• [RECORD EXCERPTS]
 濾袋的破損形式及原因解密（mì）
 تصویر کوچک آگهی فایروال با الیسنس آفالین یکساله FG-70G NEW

* * *

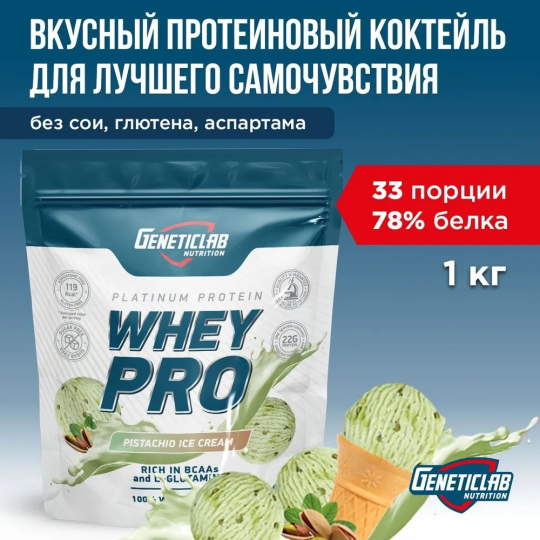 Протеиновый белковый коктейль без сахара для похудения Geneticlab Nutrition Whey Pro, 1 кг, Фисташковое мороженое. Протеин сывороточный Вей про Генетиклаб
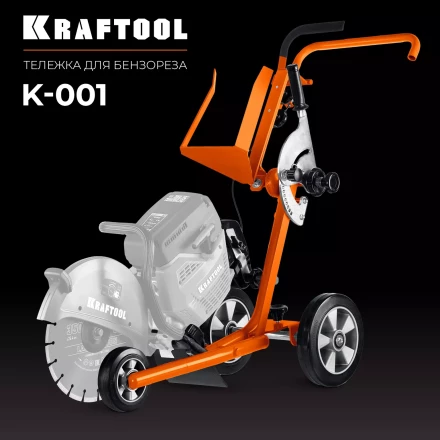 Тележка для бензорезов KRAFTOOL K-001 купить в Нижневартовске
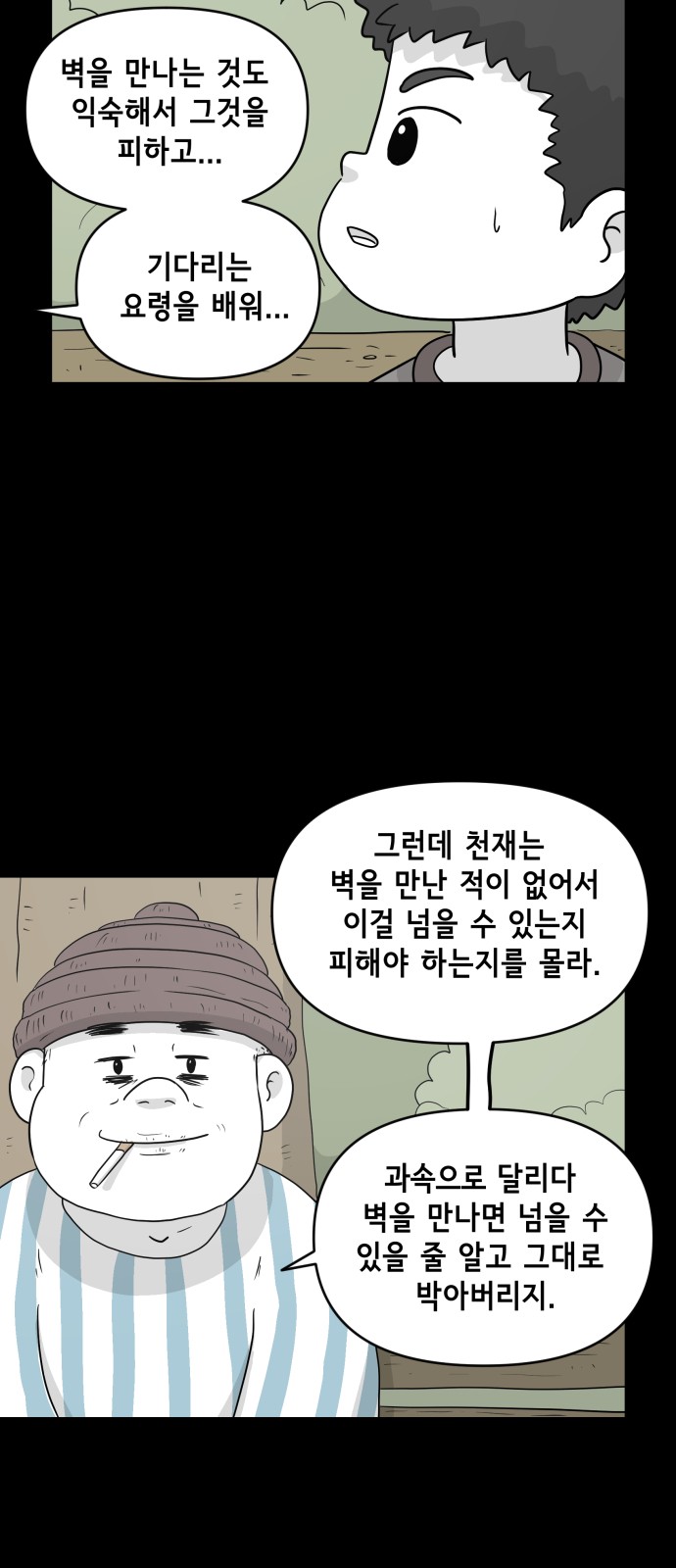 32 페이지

--

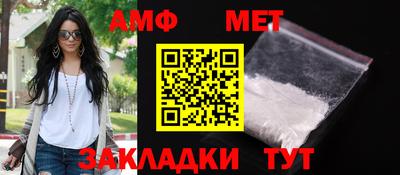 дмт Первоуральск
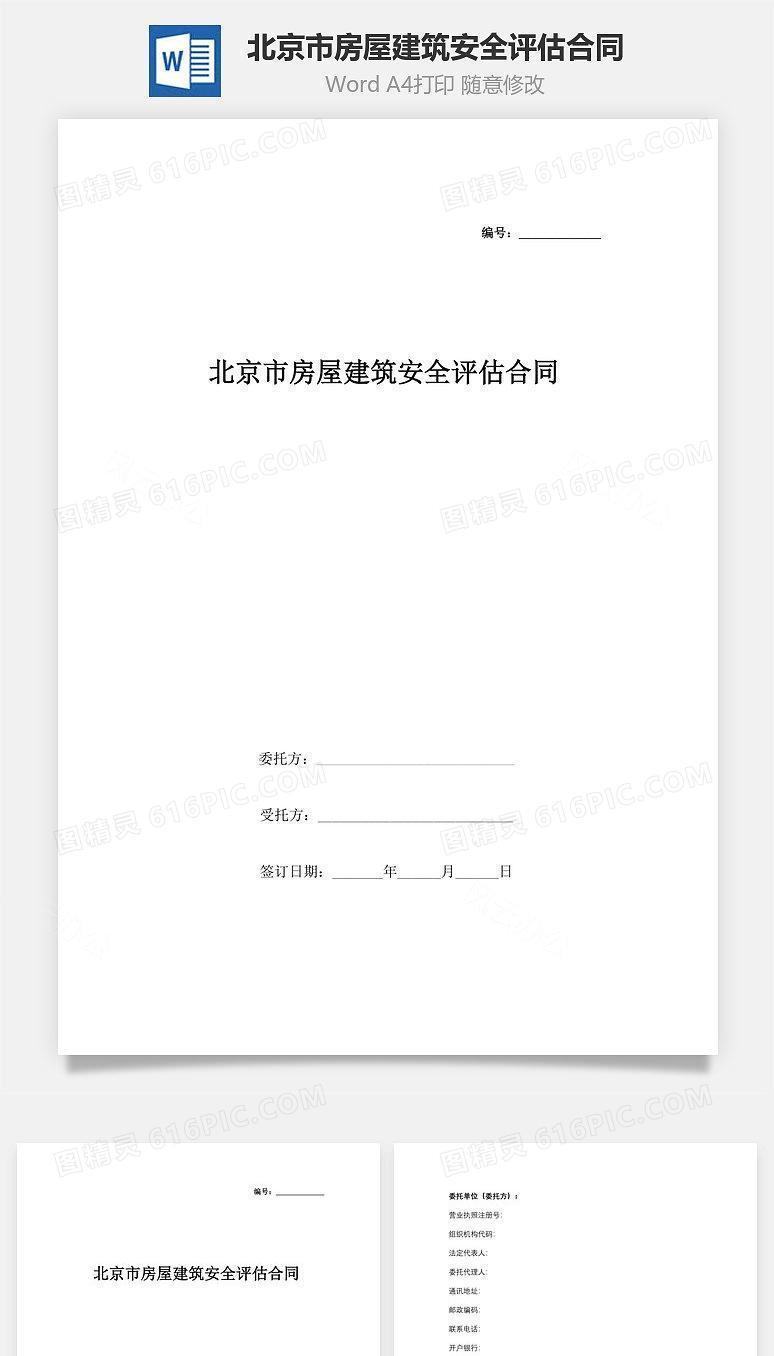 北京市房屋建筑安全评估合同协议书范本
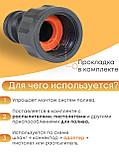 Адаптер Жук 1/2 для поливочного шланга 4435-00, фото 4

• [TASK PROMPT] In the listing above, find the line holding "濾袋的破損形式及原因解密（mì）" and the line holding "تصویر کوچک آگهی", then output those two lines and every line between them exactly.

• [ANSWER SECTION]
 濾袋的破損形式及原因解密（mì）
 تصویر کوچک آگهی فایروال با الیسنس آفالین یکساله FG-70G NEW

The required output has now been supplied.